What you will do:
Begin with the line below holding "As noted, most" and go on through the line holding "Hello guys, welcome", duplicating each line exactly and leaving out pictures.

Extracted data:
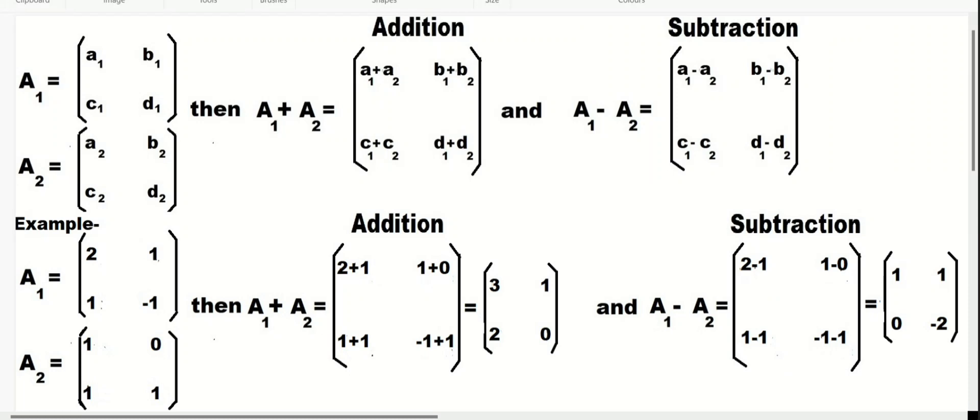Hello. Addition and subtraction of matrices. We have two matrices, a1 and a2. For addition, a1 plus a2, the elements of both matrices are added together.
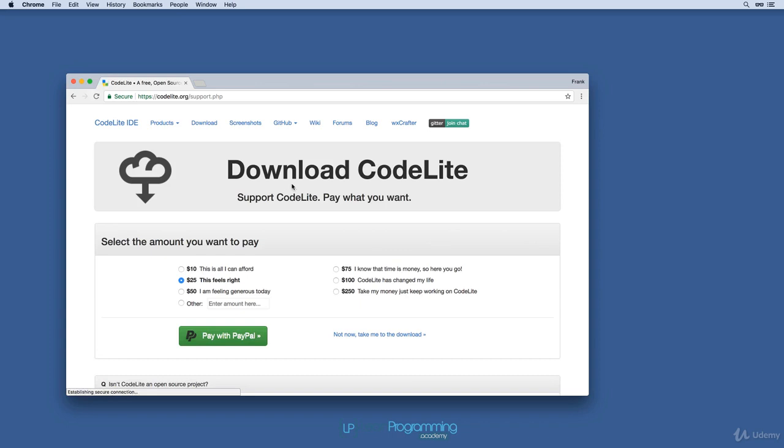I'll select that, and it takes you to a page where you can contribute to the developers if you wish, or you could just go straight to the downloads, and I'll do that. So I'll select right here, not now, take me to the download.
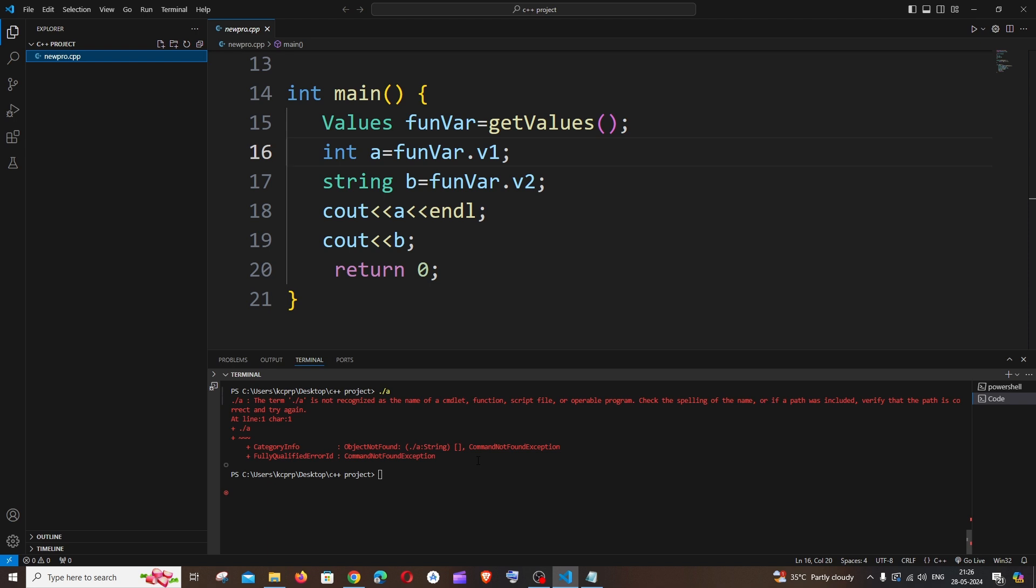I'm getting this error when I try to view the output of my C++ file. Let's see what are the common reasons why we are getting this error.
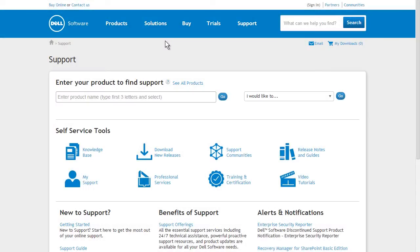Welcome to the Dell Software Support Portal. In this video, we'll take a look at the training and certification courses and professional services available for your Dell Software products.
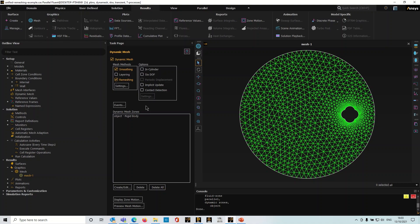Hello there, this is Steven from EDR Medesso with a short tip and trick showing you how to create a moving monitor point in Ansys Fluent.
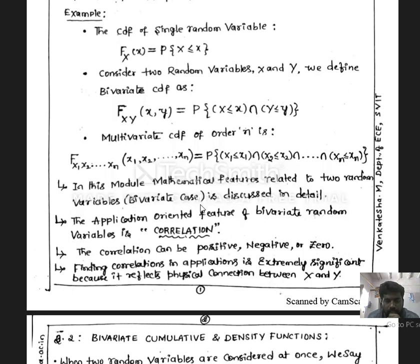As noted, most topics in this module are related to two random variables, the bivariate case. We will discuss in detail the properties of the CDF, the properties of the PDF, and the expectation parameters for two random variables. In communication engineering, these topics are very important for finding the correlation between two signals. By using these two-random-variable topics, we can find the correlation between signals X and Y and take a strong decision about the relationship between them.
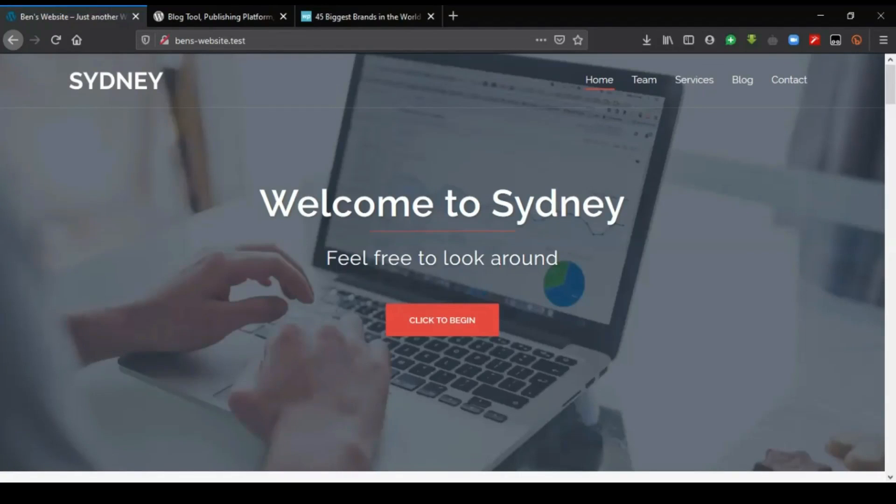This is a preview of the website that we are going to create. You can see here a very elegant home page.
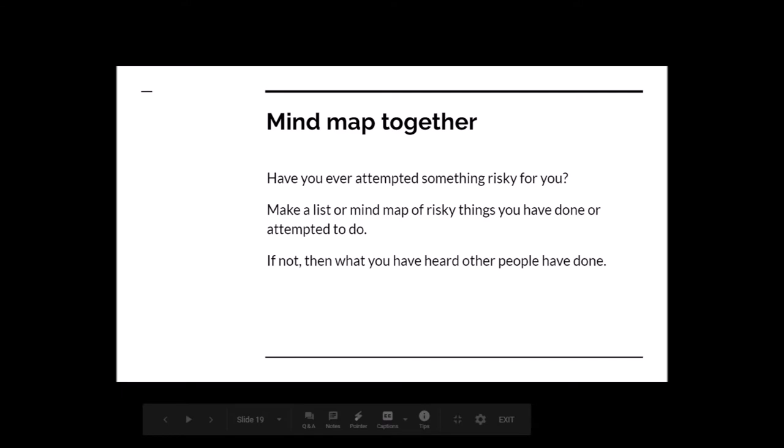Think about some risks that you've taken and answer that question. Make a map of risky things you have done or attempted to do — or if not, what you have heard other people have done. You're quite young right now so maybe not a lot of risks, but going to university could be considered a little bit of a risk, because it takes four years of your life — but of course people say it is worth it, because if you have a university certificate you're more likely to get a good job.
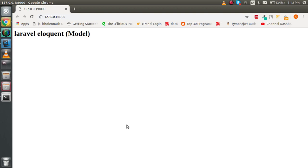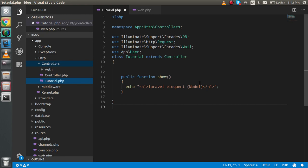Hello guys, welcome back. In this Laravel video tutorial we are going to learn about Laravel Eloquent. In other frameworks we can call it the model, like in CodeIgniter or Cake PHP. So, first question: what is Laravel Eloquent? It's similar to the model, and we use it basically to fetch data from the database table. In this video we will make a route, a new controller, and a model, and fetch data from the database to show on the screen.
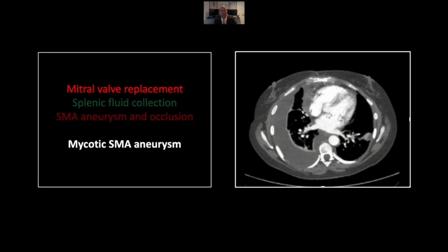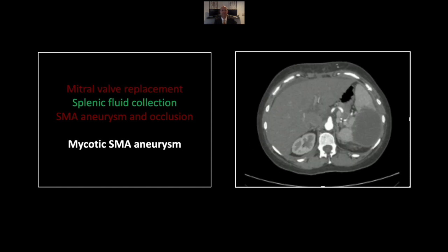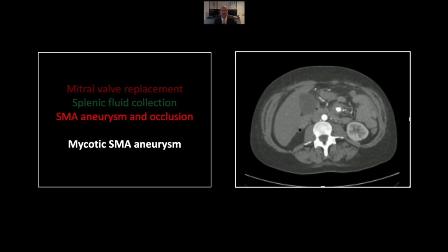Our next case is a mycotic superior mesenteric artery aneurysm. Note the mitral valve replacement — a very important finding, always included on abdomen and pelvis CT scans, and a very important diagnostic clue. This patient is clearly at risk for endocarditis as well as distal embolic phenomena. There is a subcapsular splenic fluid collection, which in these circumstances is concerning for an abscess. And lastly, distally along the course of the superior mesenteric artery, there is a focal irregular dilation with significant surrounding stranding and distal occlusion of the SMA, consistent with a mycotic aneurysm.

Output:
As noted, most topics in this module are related to two random variables, the bivariate case. We will discuss in detail the properties of the CDF, the properties of the PDF, and the expectation parameters for two random variables. In communication engineering, these topics are very important for finding the correlation between two signals. By using these two-random-variable topics, we can find the correlation between signals X and Y and take a strong decision about the relationship between them.
This is a preview of the website that we are going to create. You can see here a very elegant home page.
Think about some risks that you've taken and answer that question. Make a map of risky things you have done or attempted to do — or if not, what you have heard other people have done. You're quite young right now so maybe not a lot of risks, but going to university could be considered a little bit of a risk, because it takes four years of your life — but of course people say it is worth it, because if you have a university certificate you're more likely to get a good job.
Hello guys, welcome back. In this Laravel video tutorial we are going to learn about Laravel Eloquent. In other frameworks we can call it the model, like in CodeIgniter or Cake PHP. So, first question: what is Laravel Eloquent? It's similar to the model, and we use it basically to fetch data from the database table. In this video we will make a route, a new controller, and a model, and fetch data from the database to show on the screen.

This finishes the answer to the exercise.